Local JupyterLab connecting to Databricks via SSH

This package allows to connect to a remote Databricks cluster from a locally running Jupyter Lab:

1 Prerequisites

  1. Operating System

    Either Macos or Linux. Windows is currently not supported

  2. Anaconda installation

    A recent version of Anaconda with Python >= 3.5 The tool conda must be newer then 4.7.5

  3. Databricks CLI

    To install Databricks CLI and configure profile(s) for your cluster(s), please refer to AWS / Azure

    Whenever $PROFILE is used in this documentation, it refers to a valid Databricks CLI profile name, stored in a shell environment variable.

  4. SSH access to the Databricks cluster

    Configure your Databricks clusters to allow ssh access, see Configure SSH access

    Only clusters with valid ssh configuration are visible to databrickslabs_jupyterlab.

2 Installation

  • Create a new conda environment and install databrickslabs_jupyterlab with the following commands:

    (base)$ conda create -n db-jlab python=3.6
    (base)$ conda activate db-jlab
    (db-jlab)$ pip install --upgrade databrickslabs-jupyterlab==1.0.2-rc6
    

    The prefix (db-jlab)$ for all command examples in this document assumes that the databrickslabs_jupyterlab conda enviromnent db-jlab is activated.

  • Bootstrap the environment for databrickslabs_jupyterlab with the following command:

    (db-jlab)$ databrickslabs-jupyterlab -b
    

    It finishes with an overview of the usage.

3 Usage

Ensure, ssh access is correctly configured, see Configure SSH access

3.1 Starting Jupyter Lab

  • Create a jupyter kernel specification for a Databricks CLI profile $PROFILE and start Jupyter Lab with the following command:

    (db-jlab)$ databrickslabs-jupyterlab $PROFILE -l
    

Notes:

  • The command with -l is a shortcut for

    (db-jlab)$ databrickslabs-jupyterlab $PROFILE -k
    (db-jlab)$ jupyter lab
    

    that ensures that the kernel specificiation is updated (one could omit the first step if the kernel specification is up to date)

  • A new kernel is available in the kernel change menu (see here for an explanation of the kernel name structure)

3.2 Using Spark in the Notebook

Getting a remote Spark Session in the notebook

When the cluster is already running the status bar of Jupyter lab should show

kernel ready

To connect to the remote Spark context, enter the following two lines into a notebook cell:

[1] from databrickslabs_jupyterlab.connect import dbcontext
    dbcontext()

This will request you to add the token copied to clipboard above:

    Fri Aug  9 09:58:04 2019 py4j imported
    Enter personal access token for profile 'demo' |_____________________________|

After pressing Enter, you will see

    Gateway created for cluster '0806-143104-skirt84' ... connected
    The following global variables have been created:
    - spark       Spark session
    - sc          Spark context
    - sqlContext  Hive Context
    - dbutils     Databricks utilities

Overview

Note: databrickslabs-jupyterlab $PROFILE -c let's you quickly copy the token to the clipboard so that you can simply paste the token to the input box.

Switching kernels

Kernels can be switched via the Jupyterlab Kernel Change dialog.

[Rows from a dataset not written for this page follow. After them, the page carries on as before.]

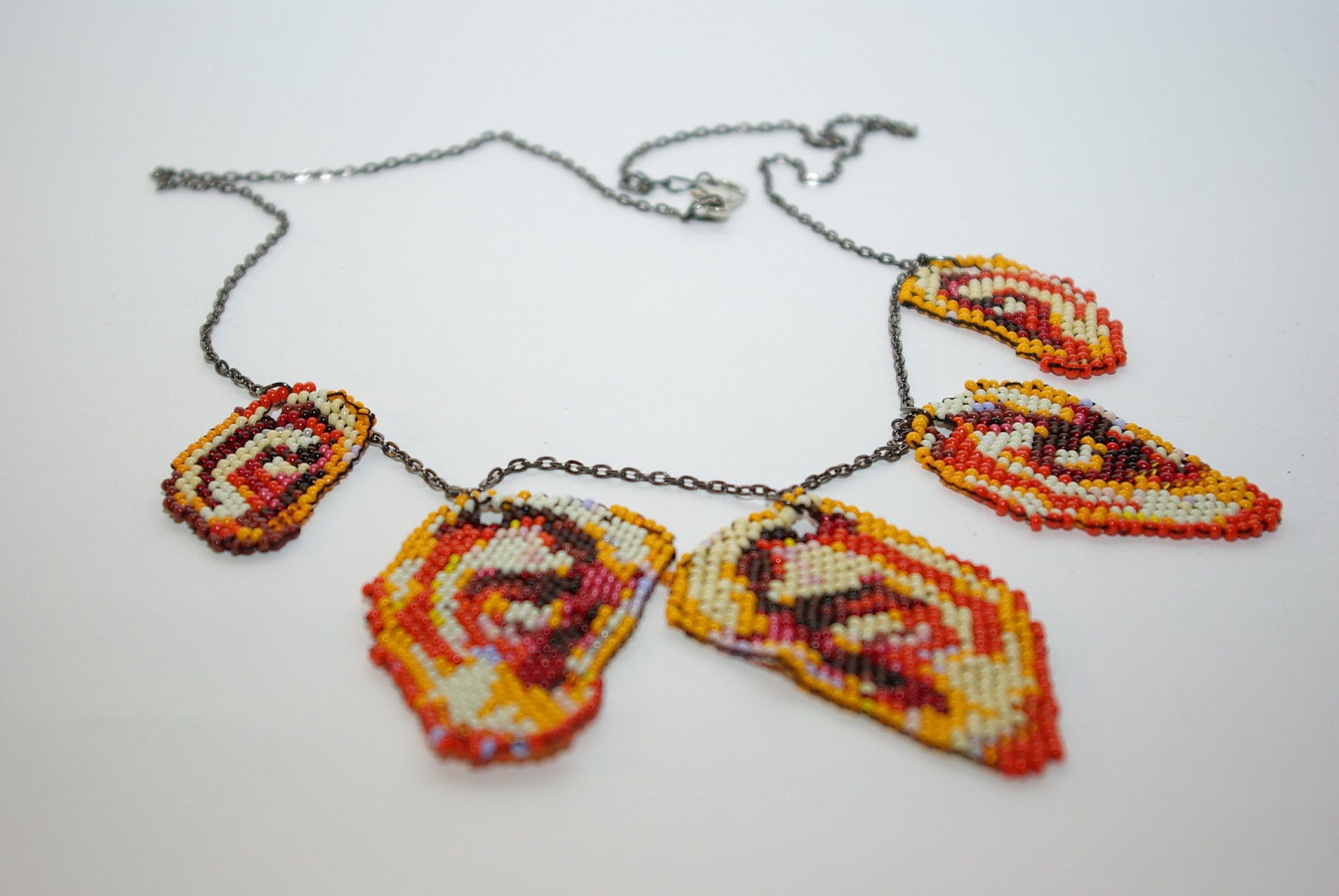 Ears necklace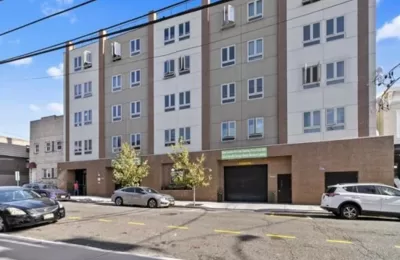 1BR Condo for Sale in Guttenberg, NJ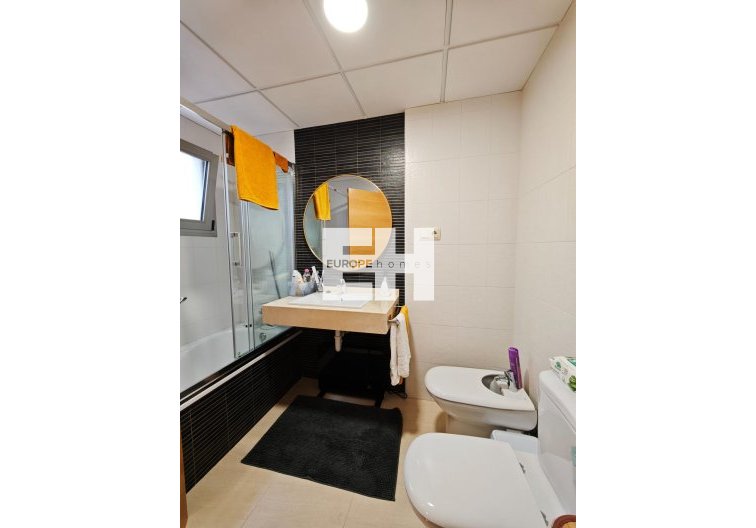 Segunda mano - Apartamento  - San Miguel de Salinas - Pueblo 9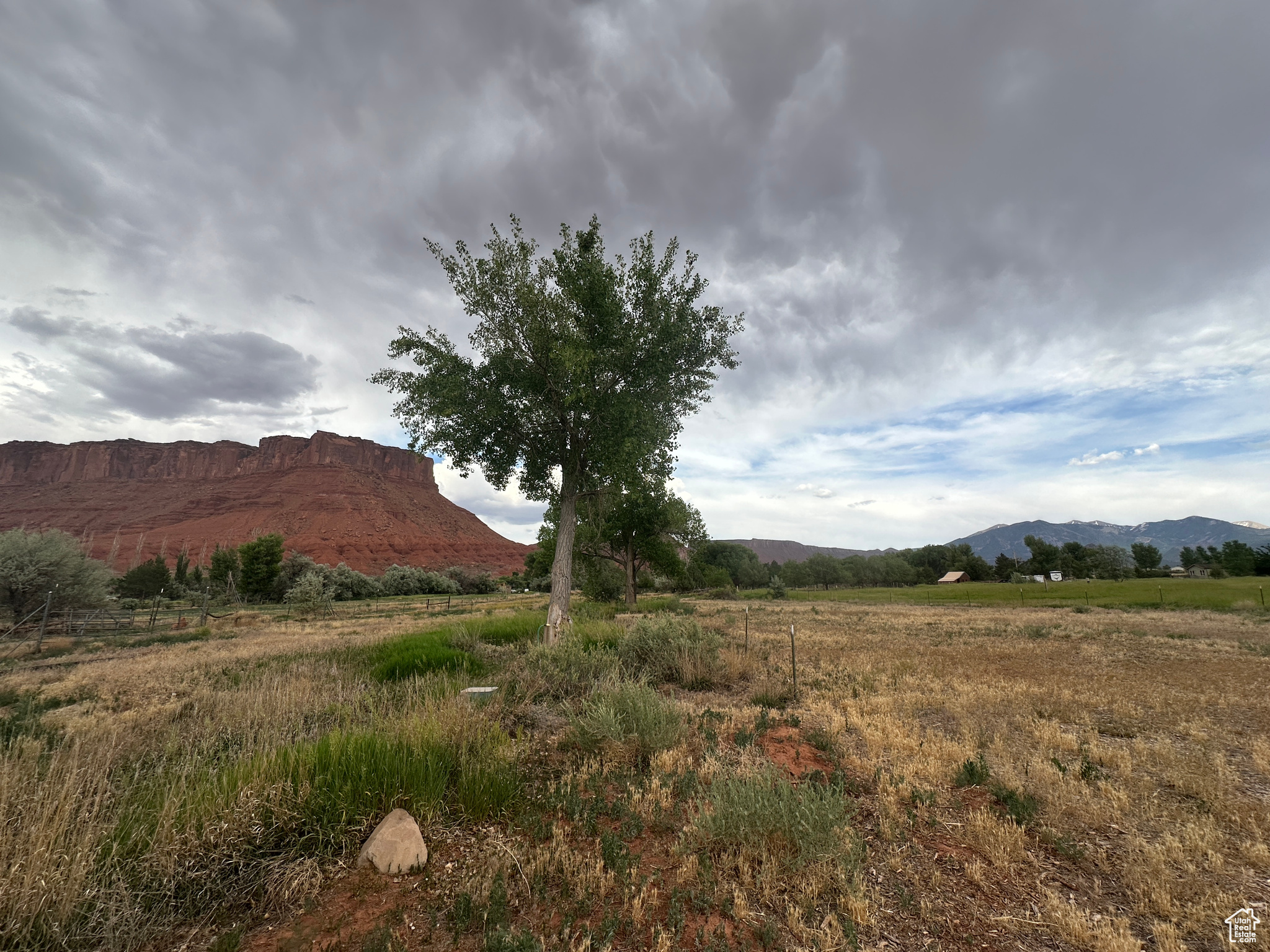 CASTLE VALLEY RIVER RANCHOS - Land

However, when switching to a remote kernel, the local connection context might get out of sync and the notebook cannot be used. In this case:

  1. shutdown the kernel
  2. Select the remote kernel again from the Jupyterlab Kernel Change dialog.

A simple Kernel Restart by Jupyter lab will not work since this does not refresh the connection context!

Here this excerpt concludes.